Вернулся из Москвы и Корней Иванович: он ухватил некую ниточку, волосок, провод к одному влиятельному лицу, встречавшемуся лично с товарищем Поскребышевым. Фамилию влиятельного я позабыла, а прозвал его Корней Иванович почему-то Недотыкомкой. Туся, Шура, Зоя и я — все мы обсуждали вместе с Корнеем Ивановичем, какое письмо он напишет и передаст через Недотыкомку прямо Поскребышеву. А тот — если пожелает — прямо Сталину… Взвесить надо каждое слово… Да, в конце августа мне стало на минуту чуть легче. Было теперь с кем говорить и говорить о Мите, о каждом новом предпринимаемом в хлопотах шаге, было у кого узнавать редакционные новости и, главное, в чьи колени уткнувшись — плакать, плакать без стыда и краю. (При Корнее Ивановиче да и ни при ком другом, кроме них, я не плакала.) Да, с возвращением друзей мне полегчало. Нередко кто-нибудь из них сменял меня в очереди. (День на службе, ночь в очереди — это непросто.) Нередко кто-нибудь вместо меня навещал в Сестрорецке Иду и Люшу, отвозил туда керосин, яблоки. Рахиль Ароновна не только сменяла меня в очередях чаще всех, но, случалось, завидев в моем окне свет поздней ночью — в двенадцать, в час, — окликала по телефону:

— Лидия Корнеевна, приходите к нам чай пить. Мы с мамой еще не ложимся. Или, хотите, я сама к вам приду? (Я выбегала к ним: дома, без Люши, без Мити, мне все опостылело… Сидишь у себя — с кем ни сиди — и тебе ясно, что Мити нет; а сидишь где-нибудь у друзей и воображаешь: вот приду домой, а он дома!)

4

Накануне 1 сентября воротился откуда-то с Кавказа ближайший Митин друг, математик Герш Исаакович, или, попросту Геша Егудин. К этому времени оба они — и он, и Митя — уже далеко не студенты. (Егудин — заведующий кафедрой математики в Ленинградском финансово-экономическом институте.) Дружба их по-прежнему держалась на отчаянном библиофильстве: вместе и порознь ходили они по букинистам, хвастаясь своими находками. Разговоры велись между ними не только научные, физико-математические, но и литературные, а иногда и политические.

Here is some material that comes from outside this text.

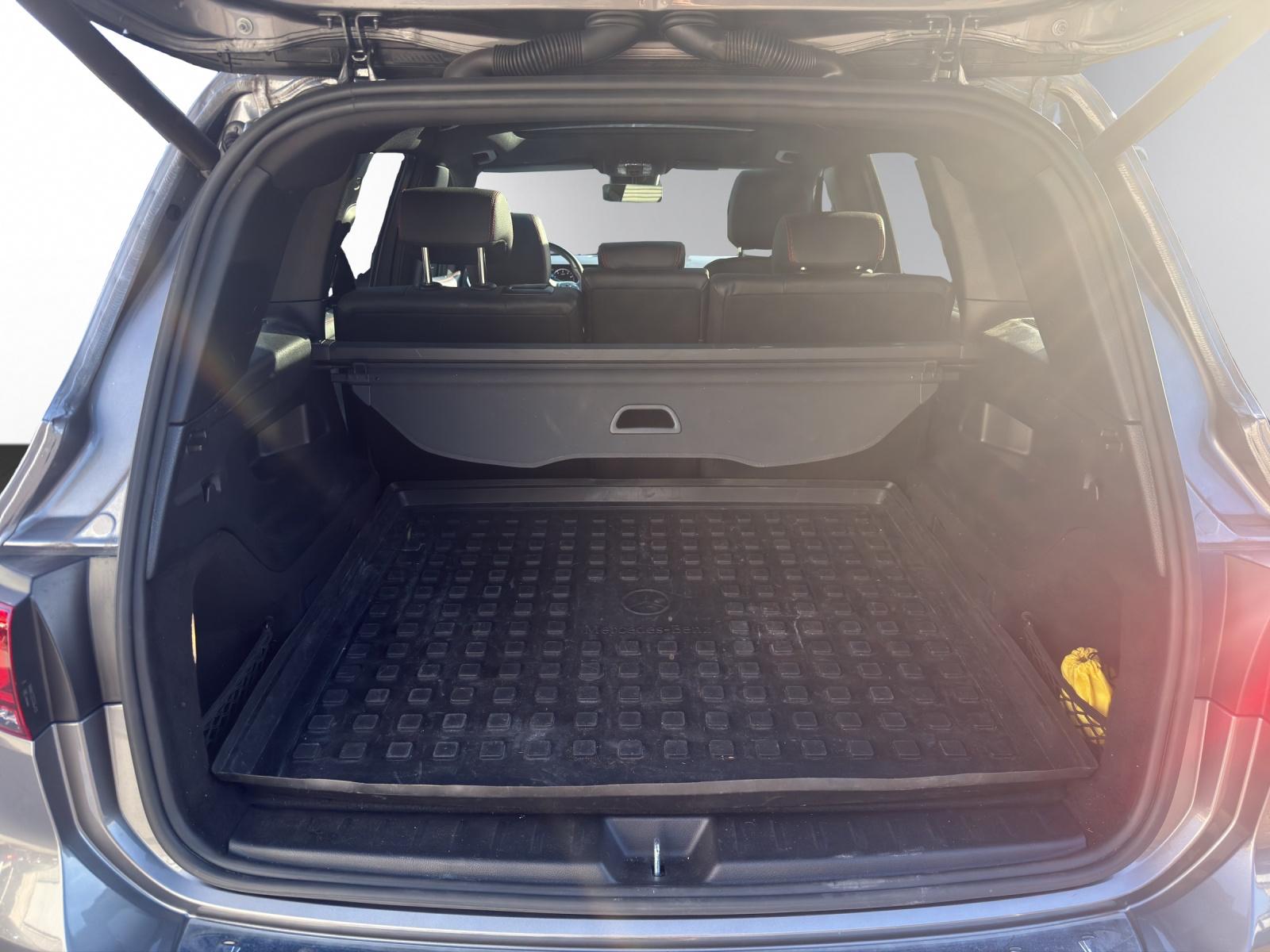 MERCEDES-BENZ GLB 250 AMG Line 8G-Tronic-image-7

Изо всех нас был Геша Егудин, пожалуй, самый здравый и «понимающий».

Когда я говорю «понимающий», я имею в виду не область науки или искусства, хотя и в них Герш Исаакович разбирался с большой тонкостью, а — понимающий то, что творилось вокруг.

Потому ли, что наделен от природы был он умом скептическим, а скептики в нашем гнусно устроенном мире всегда в конечном счете оказываются правы; потому ли, что не был он в такой степени захвачен (и тем самым задурен) ежедневной кропотливой литературной работой, как я и мои друзья, или научной, как Митя, но с первого дня моего знакомства с ним (познакомил нас Митя году в 33-м или 34-м) я не слышала от Геши Егудина ни единого удивленного возгласа: что это за выборы при одном кандидате? из кого выбираем? что, собственно, происходит в деревне — там, говорят, людей гонят в колхозы силою, а тех, кто не соглашается, отправляют на Север? отчего арестован такой-то? или отчего на открытых процессах все подсудимые, все, без исключения, признаются? Ответить на эти вопросы с совершенной конкретностью он, вероятно, не мог бы, но, в отличие от нас, никакого недоумения перед любым зверством или любой бессмыслицей не проявлял.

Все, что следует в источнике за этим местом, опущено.